Earlier this year, Lazzaro Pietragnoli, Mayor of the Borough of Camden, in London told me: “The [EU debate] is a very poor debate and the answer to those claims and demagogic positions is not able to put the record straight.”
For Pietragnoli: “A pro-European approach is bigger when you talk to people, rather than when you see the debates between the political elites, as in any party, there is sometimes a negative approach towards the EU or, possibly on the left-wing side, the fear to put forward a response to that negative approach.”
In the current scenario, it is not surprising that EU citizens in the UK are following the General Elections with great interest; but some European citizens have decided not to be just spectators.
Earlier this year, I also had the chance to speak with Tommy Tomescu, leader of the Europeans Party, a political formation aiming to fight against the discrimination of EU citizens in the UK. Tomescu reported one such case of discrimination during our meeting - a Romanian dentist who was told by a patient that she shouldn't have been allowed to work as a doctor, but rather just in the fields.

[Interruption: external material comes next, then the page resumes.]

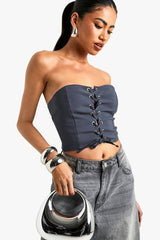 Bengaline Lace Up Front Corset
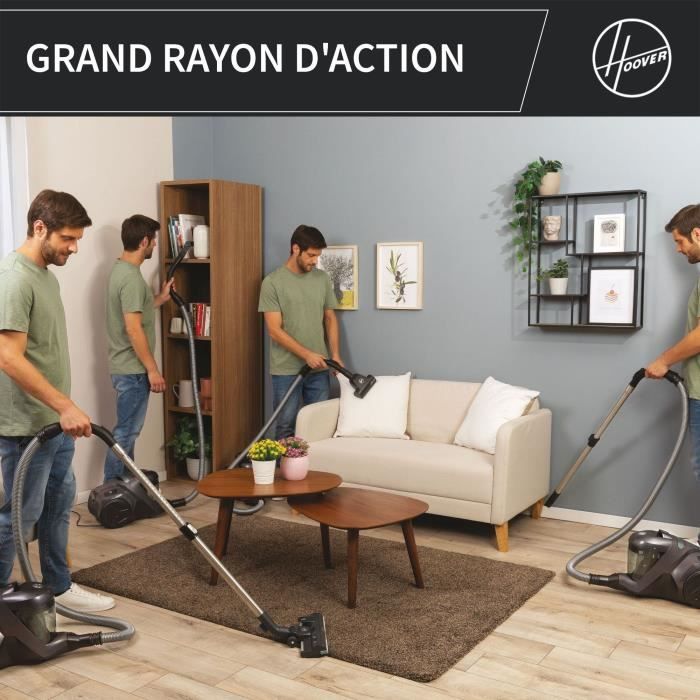 Bagless vacuum - HOOVER - HP321PAF - 850 W - 75 dBA - 2 L - Grey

The party was influenced not just by discrimination issues, but also by the stiffening of the positions on EU issues by a traditionally pro-European political force like the Lib-Dems; Tomescu's party has also launched a campaign called Let Us Vote and Stand, aimed at allowing EU citizens living and working in the UK to vote and stand in the General Elections.
To achieve this target, Tomescu lodged a claim for a Judicial Review in the High Court on April 16. Furthermore, in today’s General Elections, the European Party sees its Vice President Andrzej Rygielski standing in the Ealing Central and Acton Constituency in London.
Europe will be on the minds of millions of British voters today, but how much demagogy and misinformation will affect their choice?